*TASK STATEMENT:*
Copy, word for word, the lines of the entries below between the one with "- A6520 - 2" and the one with "Así será el", inclusive, and leave out everything else.

*INPUT MATERIAL:*

------------------------------------------------------------

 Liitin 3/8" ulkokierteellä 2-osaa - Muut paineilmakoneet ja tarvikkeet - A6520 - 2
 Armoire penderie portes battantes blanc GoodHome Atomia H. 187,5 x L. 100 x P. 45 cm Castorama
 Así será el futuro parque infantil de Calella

------------------------------------------------------------

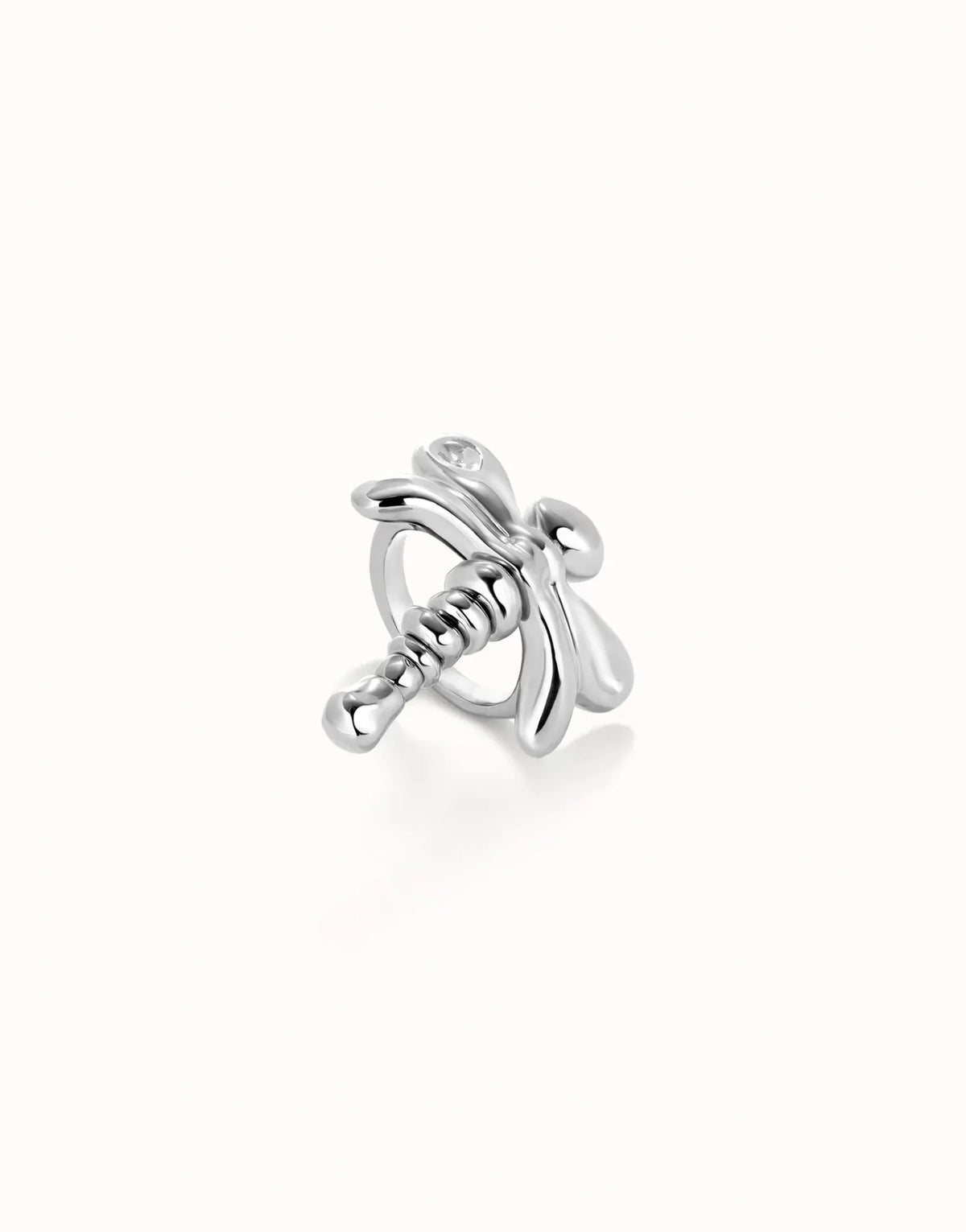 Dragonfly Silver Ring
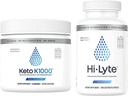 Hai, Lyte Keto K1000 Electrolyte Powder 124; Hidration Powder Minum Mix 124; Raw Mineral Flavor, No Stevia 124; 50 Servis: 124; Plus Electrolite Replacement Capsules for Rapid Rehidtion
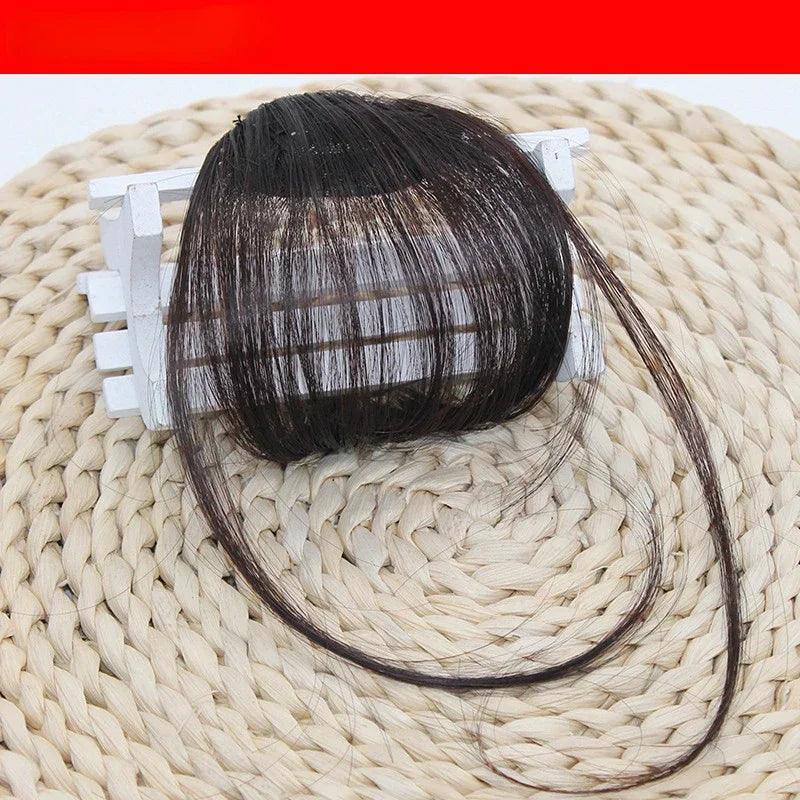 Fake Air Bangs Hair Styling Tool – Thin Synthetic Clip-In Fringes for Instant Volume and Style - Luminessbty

------------------------------------------------------------

*TASK ANSWER:*
 Liitin 3/8" ulkokierteellä 2-osaa - Muut paineilmakoneet ja tarvikkeet - A6520 - 2
 Armoire penderie portes battantes blanc GoodHome Atomia H. 187,5 x L. 100 x P. 45 cm Castorama
 Así será el futuro parque infantil de Calella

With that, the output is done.